Patek sells something more exclusive and more fragile: legitimacy. Not just wealth, but the right kind of wealth. You can't simply buy a Nautilus. You have to earn the right to buy it, through years of purchases and the approval of people who've decided you're the right sort of person. This is old money signaling to new money: we are not the same. The watch is a certificate of admission to a particular class.

The difference matters. Rolex wearers are announcing an achievement. Patek wearers are announcing a position in a hierarchy. These are not the same thing, and they attract different people for different reasons.

The gap in the market

Graham ends his essay with advice to stay away from brand entirely. Follow interesting problems, he says. That's where golden ages are.

He's right, but he's also describing what he already does. His essay is, among other things, a statement of identity: I'm the kind of person who sees through this.

Which points to a real gap. There's an entire category of men — disproportionately concentrated in places like San Francisco, increasingly influential globally — who have the resources to buy expensive watches but for whom neither the Rolex story nor the Patek story works. The Rolex story is too crude: it celebrates a definition of success they find embarrassing. The Patek story is too hierarchical: it asks them to seek approval from gatekeepers they don't respect.

What they need is a third story. Not "I succeeded" and not "I have permission." Something more like: I'm building something different. I'm not playing the old game at all.

Nobody has told that story yet — at least not in an object you can wear. Apple Watch tried, but it solved the wrong problem. It replaced the jewelry with a notification device. Whatever the next thing is, it will need to work as jewelry first: beautiful, durable, and sufficiently expensive to function as a social signal. The story it tells will need to be coherent and true — true enough that the people who wear it actually believe it, not just perform it.

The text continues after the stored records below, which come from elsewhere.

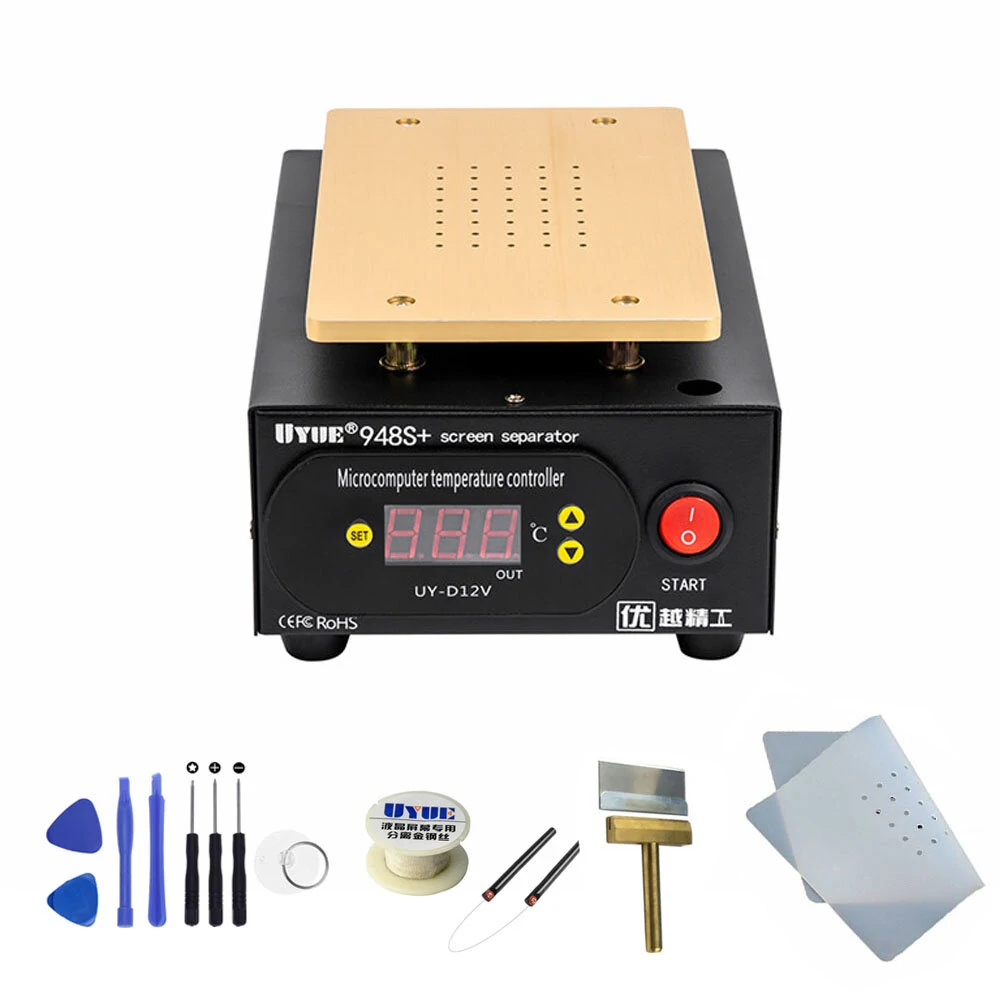UYUE 948S+ 7 inch LCD Touch Screen Separator Machine Kit | Built-in Vacuum Pump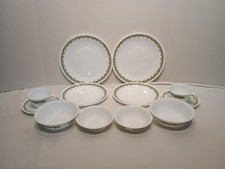 Vtg Corelle Spring Blossom Crazy Daisy Dinnerware 12-pc Service for 2  picture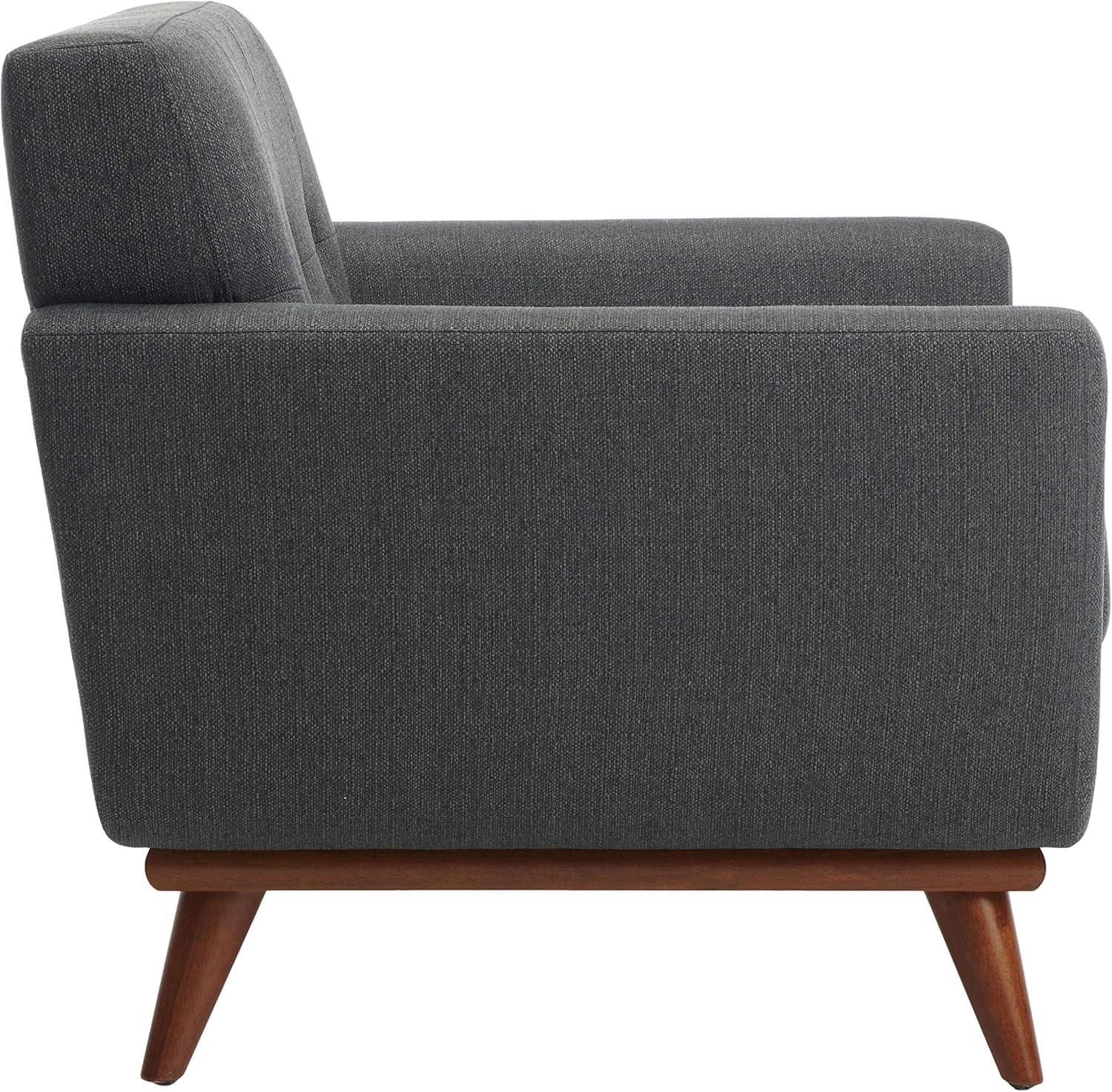 image:imageSafavieh Couture Home Opal MidCentury Slate Grey Linen Tufted Arm ChairSlate Grey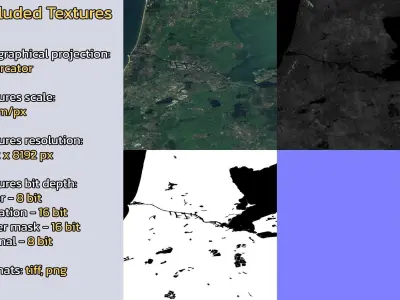 Amsterdam Netherlands City Landscape 3D Model 3D model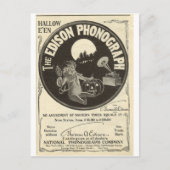 Edison-fonograaf Briefkaart (Voorkant)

That's a harder problem than making a good watch. It's the problem De Beers solved in the 1940s, and that Patek has been managing ever since. The mechanics are known. What's missing is a story worth telling.

Brand is a declaration

Graham's advice is to stay away from brand entirely. But he's missing something: brand isn't a merchant's invention. It's a human need. We need to communicate to others who we are, where we belong, what we believe. Brand is just the most efficient carrier for that need. Graham's own essay is a brand move — it declares: I'm the kind of person who isn't manipulated by brands. That's an identity statement. It's structurally identical to wearing a Rolex. The carrier is different; the impulse is the same.

Which means anything that can carry a clear declaration can become a brand. The carrier itself doesn't matter. What matters is three conditions: it must be visible, it must be scarce or distinctive, and it must have a sufficiently legitimate reason for someone to carry it long-term — otherwise it feels contrived.

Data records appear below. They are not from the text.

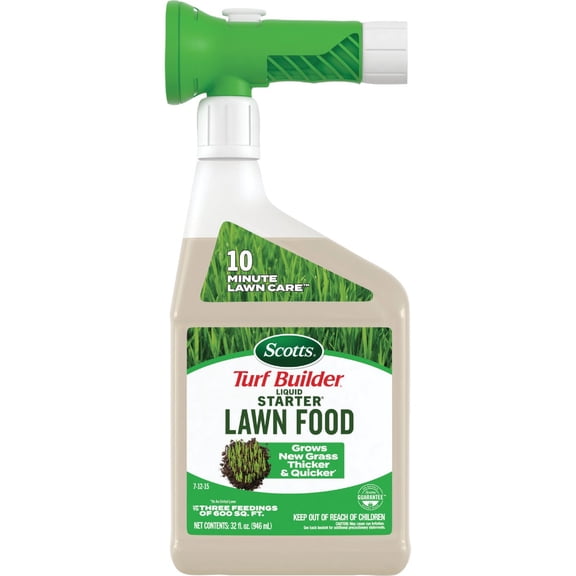 Scotts Turf Builder Liquid Starter Fertilizer - Pack of 6
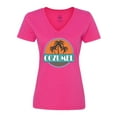 thumbnail image 1 of Inktastic Cozumel Mexico Vacation Cruise Women's V-Neck T-Shirt, 1 of 5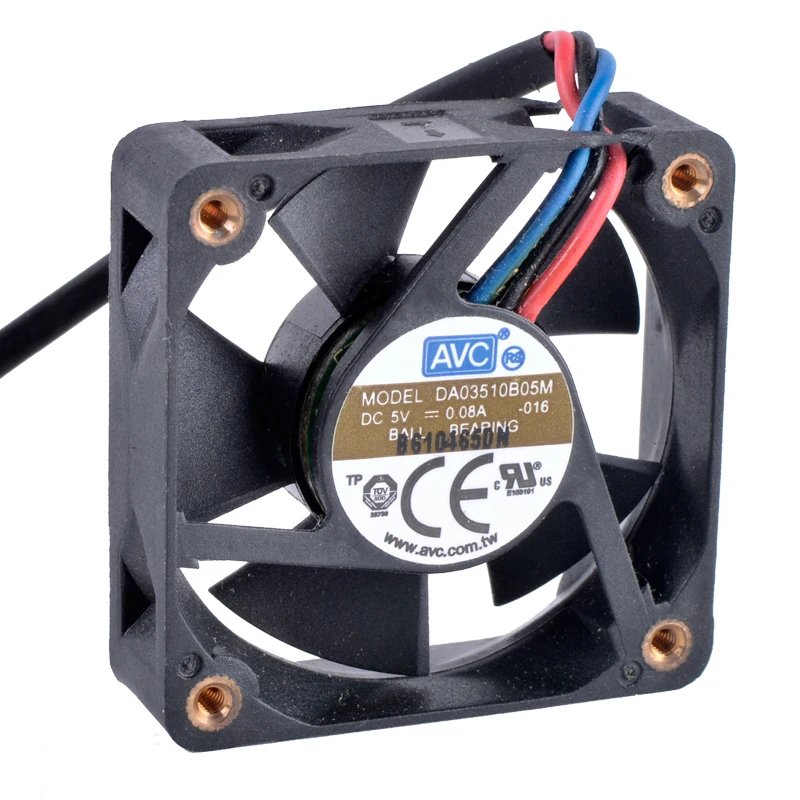 COOLING REVOLUTION DA03510B05M 3.5cm 3510 35x35x10mm 5V 0.08A Three-wire double ball bearing large air volume cooling fan STB co
COOLING REVOLUTION DA03510B05M 3.5cm 3510 35x35x10mm 5V 0.08A Three-wire double ball bearing large air volume cooling fan STB co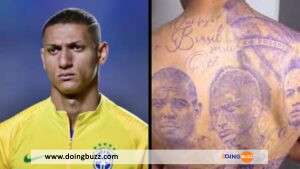 Richarlison Fait Un Méga Tatouage Avec Des Images De Ronaldo, Neymar, Pelé (Photos)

Consider "No Kings" as an attitude. It's a genuine declaration that lives in a lot of people: opposition to concentrated power, refusal to be governed by any single person or narrative. The story has real force — arguably more contemporary tension than anything Rolex sells. But it has no good carrier. A golf cap? Too pointed, and it's the other side's symbol — the irony is too loud for daily wear. A tennis cap? Closer, but still wrong — and not just for aesthetic reasons.

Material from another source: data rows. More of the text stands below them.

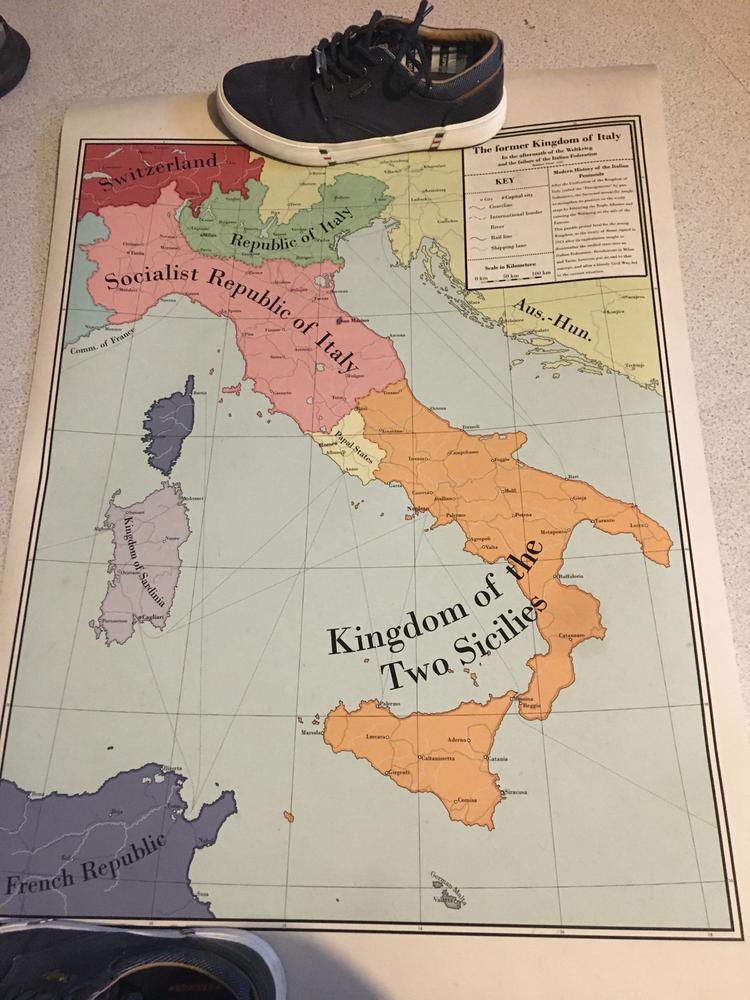Long Lang Lin Maps - Italy after the Weltkrieg - Poster - Customer Photo From Twitter Review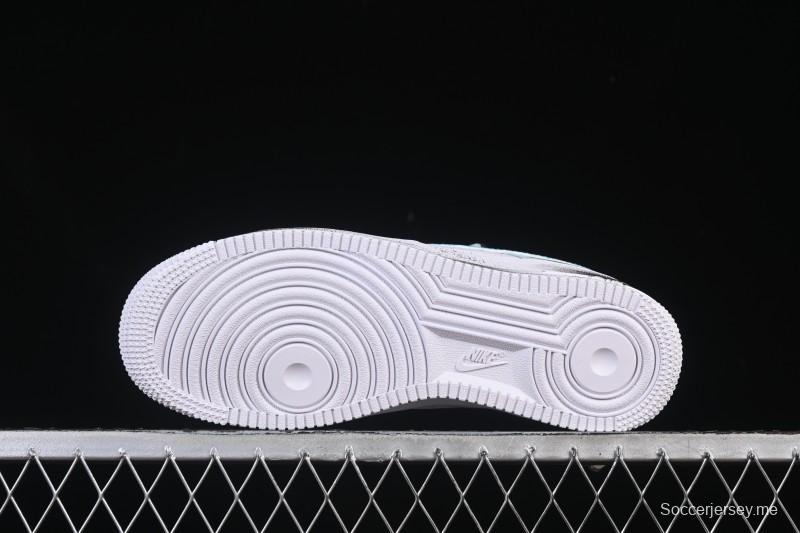 حذاء نايك اير فورس 1'07 المنخفض من نايك اير فورس 1'07 رمادي تيون ايرا رسمت عليه رسومات يدوية - LJ8822-202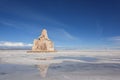 The Dakar Bolivia Monument in Salar de Uyuni Royalty Free Stock Photo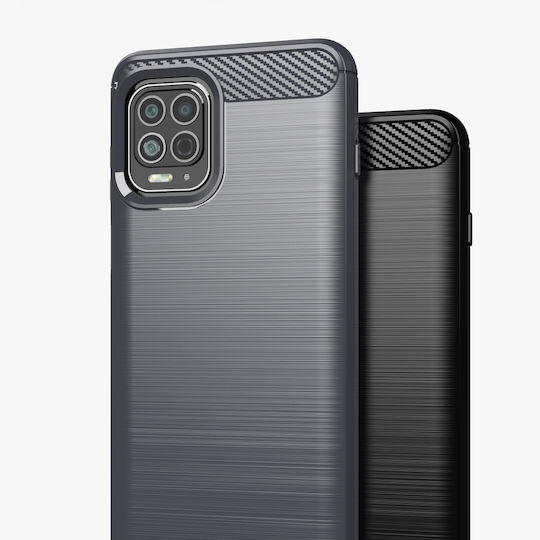 Hurtel Carbon Back Cover Σιλικόνης Μαύρο (Moto G100 / Edge S)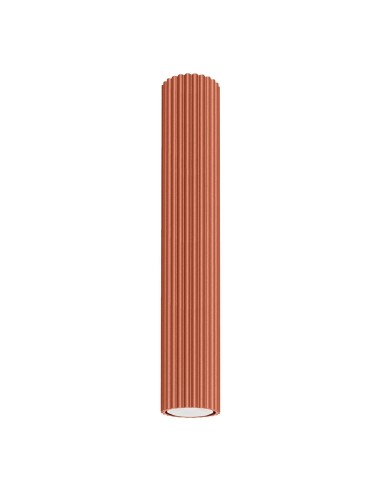 Lámpara de techo KARBON 40 rojo ocre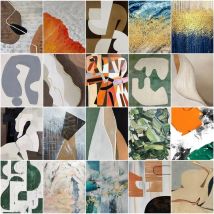 SDOYUNO Ölgemälde nach Zahlen zum Ausmalen für Erwachsene, große Größe, abstrakte Kunsthandwerk, Handmalerei, Aquarell, flippige Heimdekoration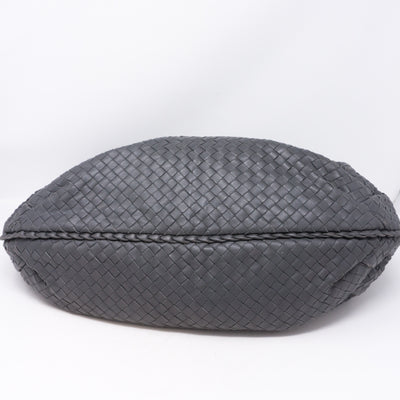 Intrecciato Veneta Gray Hobo Bag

The problem is that a tennis cap has no independent, neutral reason to exist. You can answer the question "why are you wearing a watch" with "because I need to know the time." That answer lets you carry the object without acknowledging that you're making any identity statement at all. A cap has no such alibi. You wear it, and you're expressing something, and everyone knows you're expressing something. That transparency destroys the elegance of the signal. The most effective identity signals were never loud declarations — they were frequencies readable only by the right people, invisible to everyone else. Once everyone can decode the signal, it loses its value.

This is exactly why the mechanical watch succeeded so completely — it solved this problem. Nobody asks why you're wearing a watch, just as nobody asks why you're wearing shoes. It has a sufficiently mundane reason to exist on your wrist. And that neutral shell means whatever story it carries can be transmitted without effort — circulating only among those who know it, invisible to everyone else as just a watch.

Bored Ape Yacht Club briefly achieved the same thing in the digital world. A blurry pixel image, no physical form, no function whatsoever, yet it became one of the most effective tribe membership cards in recent history. It satisfied the scarcity and visibility conditions — on social media, your profile picture is your wrist, and everyone can see it. Its limitation was that the display surface was too narrow, and visibility disappeared the moment you moved platforms.

So the real question was never "should there be brands." It was always "what makes a good enough carrier." A small embroidery on a shirt cuff, if the story is right, could make that shirt worth a hundred times its price. Not because of the thread. Because it lets the wearer complete a full self-declaration without saying a word — to the people who understand it.

That's what Graham actually missed. The problem with brand isn't brand itself. It's that most brands are telling old, exhausted stories. The thing worth doing is always the same: find a true, not-yet-told declaration, and then find a good enough carrier for it.

The crisis is the opportunity — but only if you think backwards

The Swiss watch story has one more business lesson worth naming separately.

When Japanese quartz made timekeeping extremely cheap, the instinct of most Swiss manufacturers was to keep competing on the same track — thinner, more accurate, less expensive. That road led to ruin, because you can never beat a competitor at a game they defined. Omega tried it and went bankrupt.

A few did the opposite. If timekeeping is now cheap, make something expensive. If quartz is thin and light, make something heavy. Then find a legitimate reason for "expensive and heavy" to exist — and they found it in jewelry. The rest is the history we've already told.

This thinking is more valuable than Swiss watches. In any industry, when a core function gets commoditized by technology, the right question isn't "how do we keep competing on this function." It's "if this function is now free, what has become more scarce." The answer is usually in the opposite direction from where everyone is looking.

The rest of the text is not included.